Plug-and-play data access to kick start struggling fintechs

From

Joanne Cooper

As Australia’s Open Banking regime creeps forward, Australian privacy and data-sharing tech firm ID Exchange is helping impatient fintechs immediately access Open Banking with a “plug-and-play” data-sharing platform they can activate today.

Joanne Cooper, CEO of ID Exchange, believes that utility-style platforms which help fintechs address complex privacy and compliance elements without the costly outlays will create new opportunities to share consented, personal data.

UK based data-sharing platform digi.me, represented by ID Exchange in A/NZ, allows app developers to build tailored services with access to rich, consented data from multiple sources (often referred to as hyper-personalised services.)

digi.me has now integrated data flow channels for the majority of Australia’s major banks, leading super funds and social channels (Facebook, Twitter, Instagram, Spotify etc).

“Today’s apps not only need finance data but the ability to leverage interoperable social, wearable, health and other sources to curate much more personalised and relevant services for consumers, which is exactly what digi.me platform enables,” said Cooper.

“With direct access to consumer data, Australia’s innovation sector can access the Open Banking economy without the restriction of narrow data sets and can offer consumers enhanced value exchanges.

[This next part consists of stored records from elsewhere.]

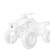Polaris 2880432 HD Integrated 2500lb Winch Sportsman 450 570 Touring SP X2 6x6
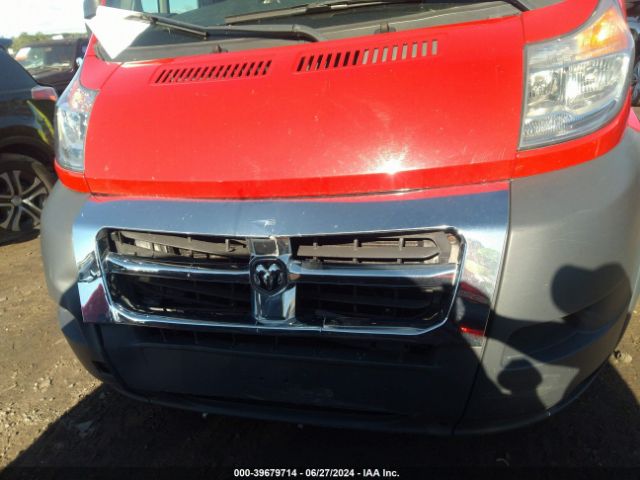 3C6TRVAG6GE127162 RAM Promaster 1500 Low Roof
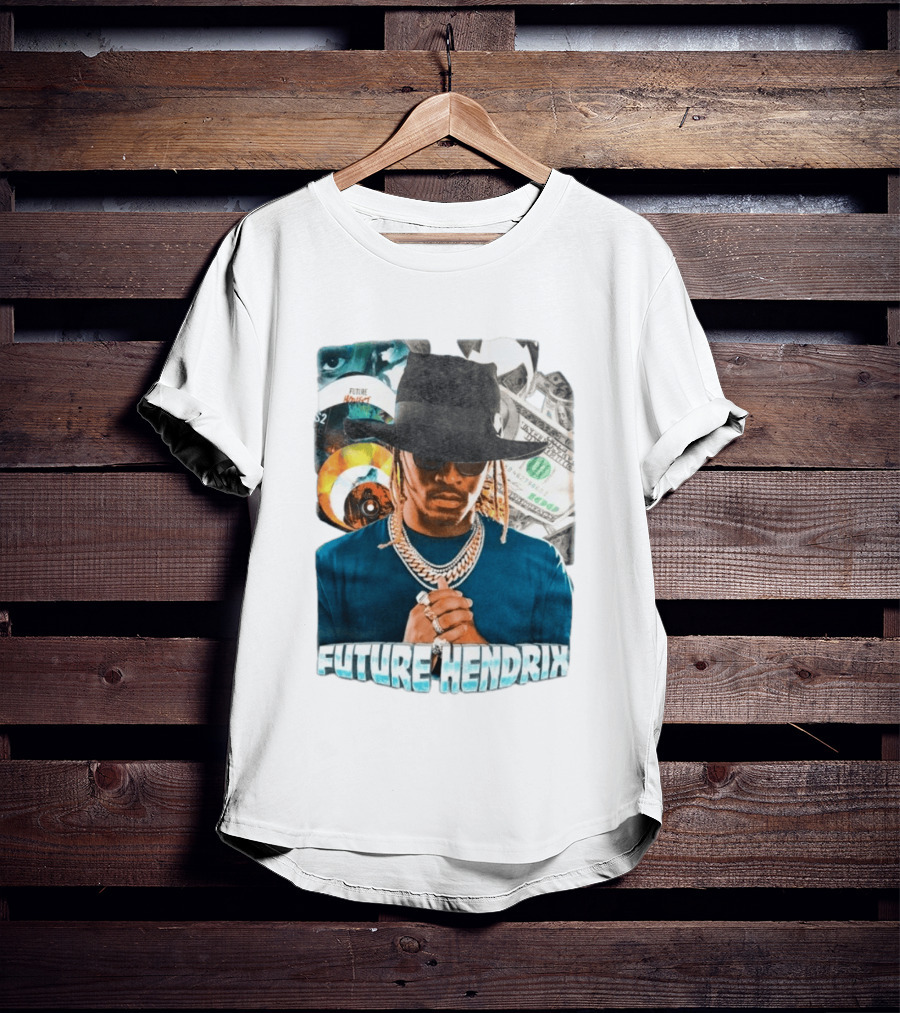 Future Honest Hendrix Dollar Music T-Shirt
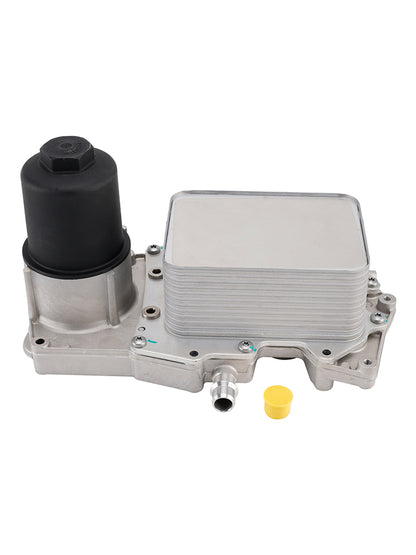 LAND RANGE ROVER 4.4 L322 L405 L494 TDV8 Engine Oil Cooler LR113200 LR022895 LR022896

It will be through ethical platforms like digi.me that do not see, touch or hold data, ever, that will help fintechs reach their full potential without hefty infrastructure, liability and compliance costs.”

To help Australian fintechs, ID Exchange is offering the first 5000 consented data access transactions at no cost for local applications offering consumers tailored value exchanges via the digi.me platform.